#### [Work to complete]
Look below for the line that contains "9788430966622: Conceptos para" and the line that contains "adidas Sportswear Klittenbandschoenen", then restate both of them and every line in between, exactly. No picture goes in the copy.

#### [Entries supplied]
▶

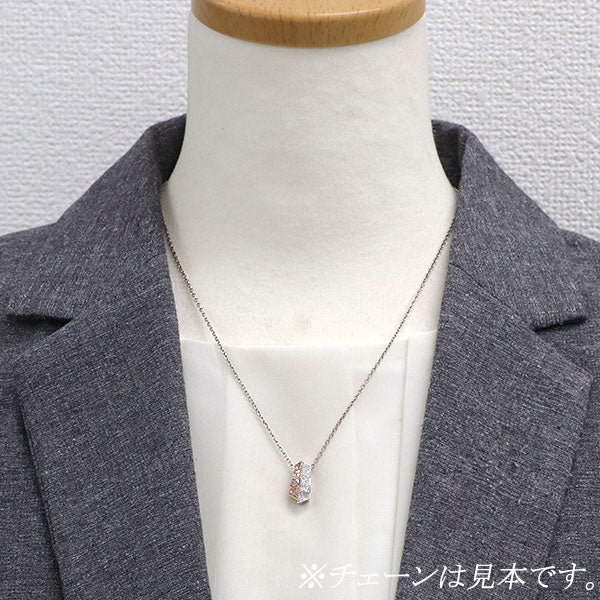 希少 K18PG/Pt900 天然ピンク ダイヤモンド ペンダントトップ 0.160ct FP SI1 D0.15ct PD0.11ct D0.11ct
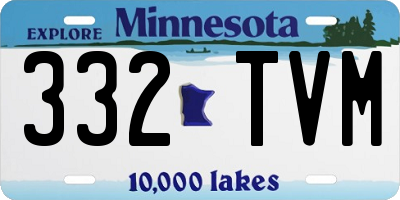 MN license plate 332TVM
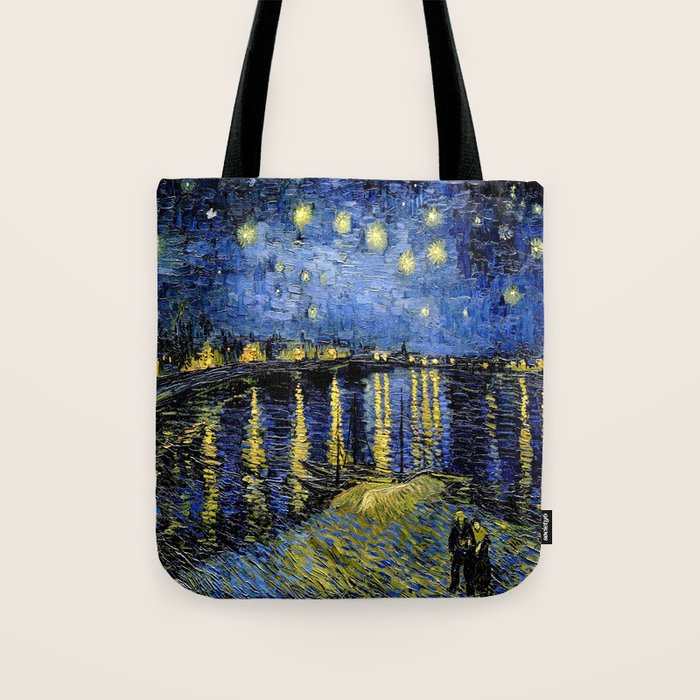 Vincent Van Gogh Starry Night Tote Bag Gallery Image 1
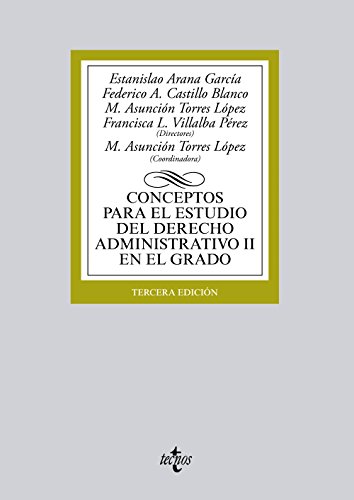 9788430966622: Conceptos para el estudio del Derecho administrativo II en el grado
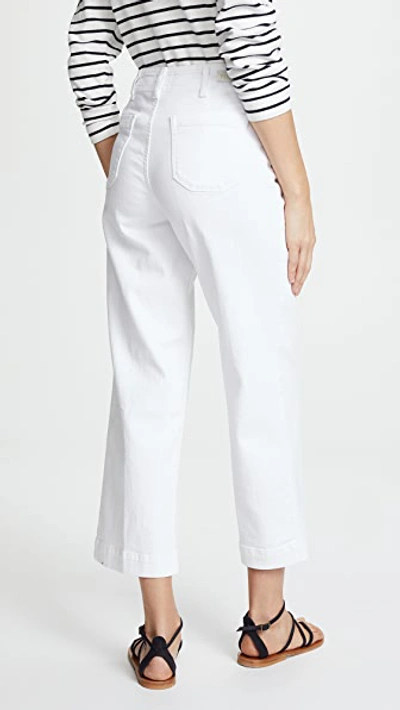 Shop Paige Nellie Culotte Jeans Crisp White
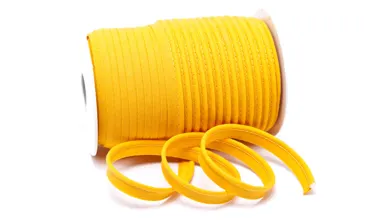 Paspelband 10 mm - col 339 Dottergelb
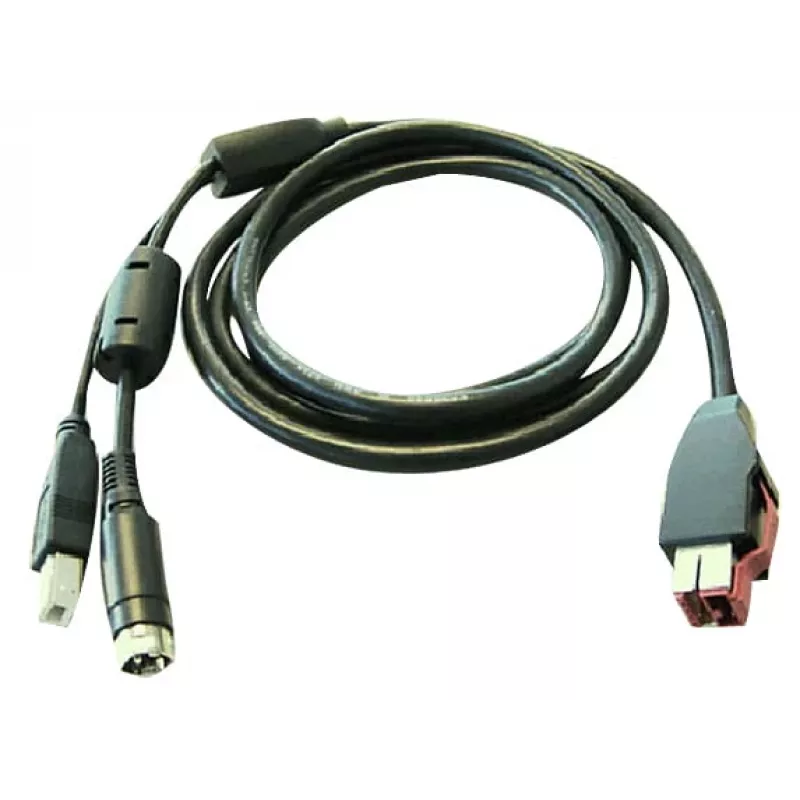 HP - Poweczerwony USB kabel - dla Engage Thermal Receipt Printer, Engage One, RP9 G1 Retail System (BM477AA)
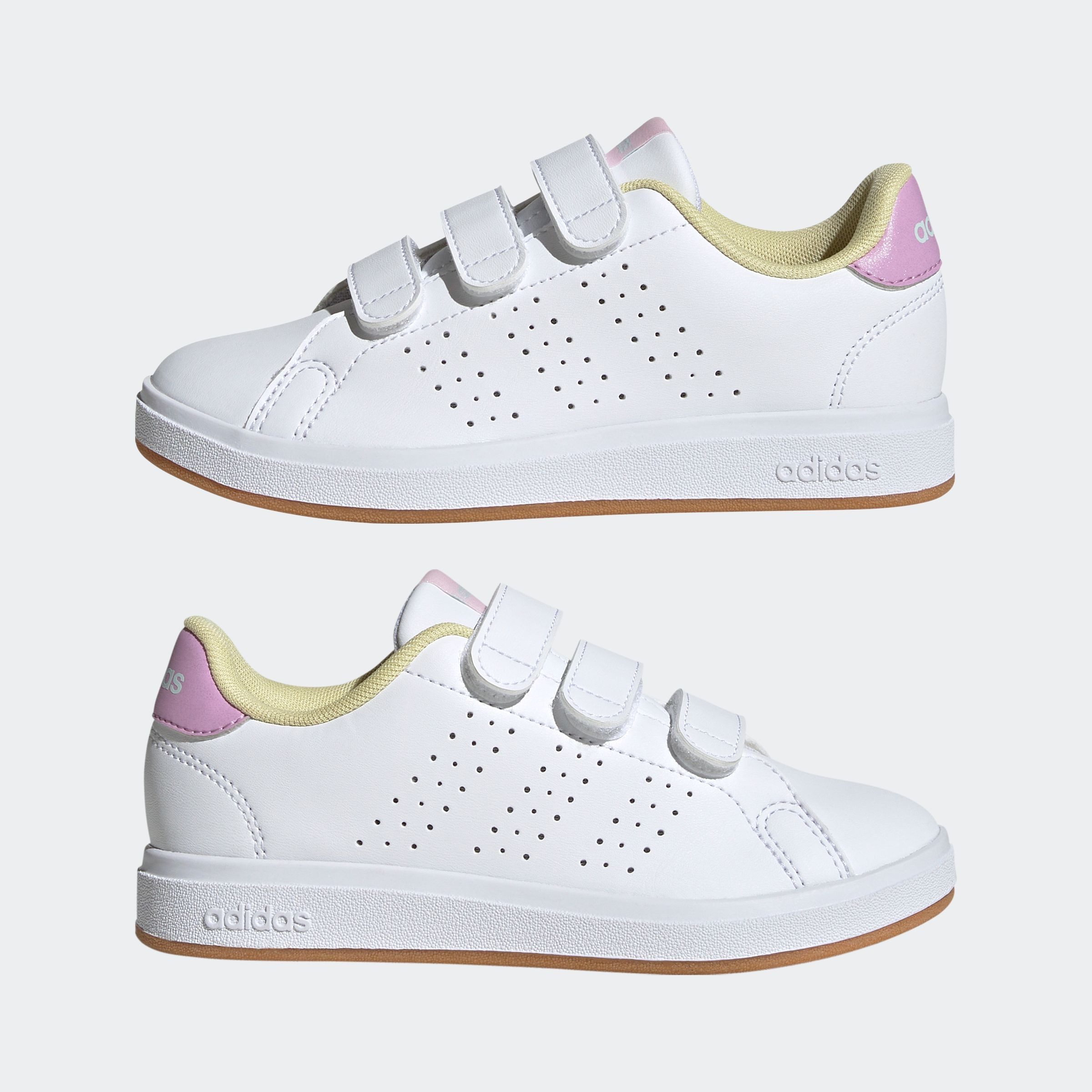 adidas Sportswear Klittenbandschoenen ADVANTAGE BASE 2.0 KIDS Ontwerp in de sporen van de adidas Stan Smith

◀
▶

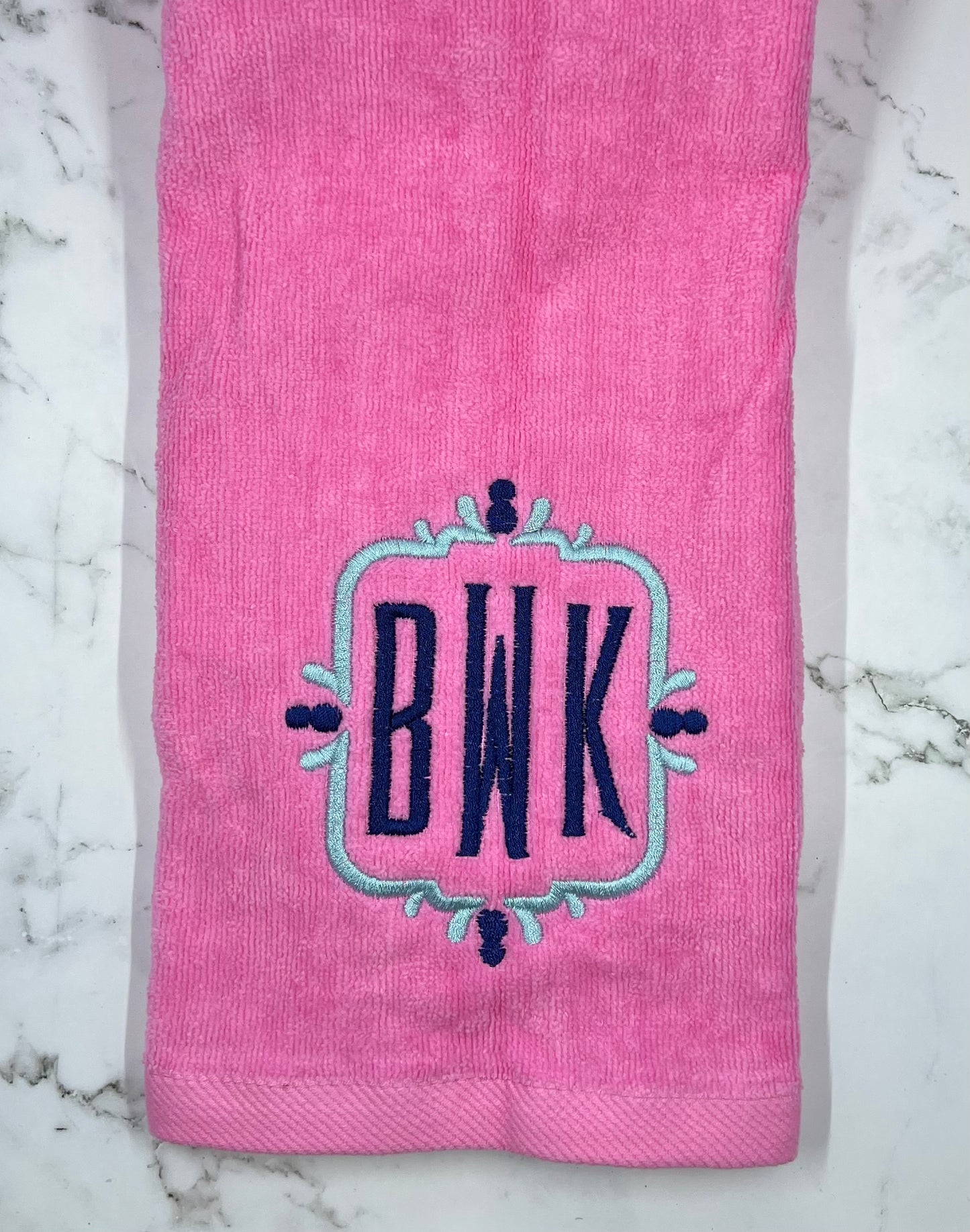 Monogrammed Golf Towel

◀

#### [Result for this task]
 9788430966622: Conceptos para el estudio del Derecho administrativo II en el grado
 Shop Paige Nellie Culotte Jeans Crisp White
 Paspelband 10 mm - col 339 Dottergelb
 HP - Poweczerwony USB kabel - dla Engage Thermal Receipt Printer, Engage One, RP9 G1 Retail System (BM477AA)
 adidas Sportswear Klittenbandschoenen ADVANTAGE BASE 2.0 KIDS Ontwerp in de sporen van de adidas Stan Smith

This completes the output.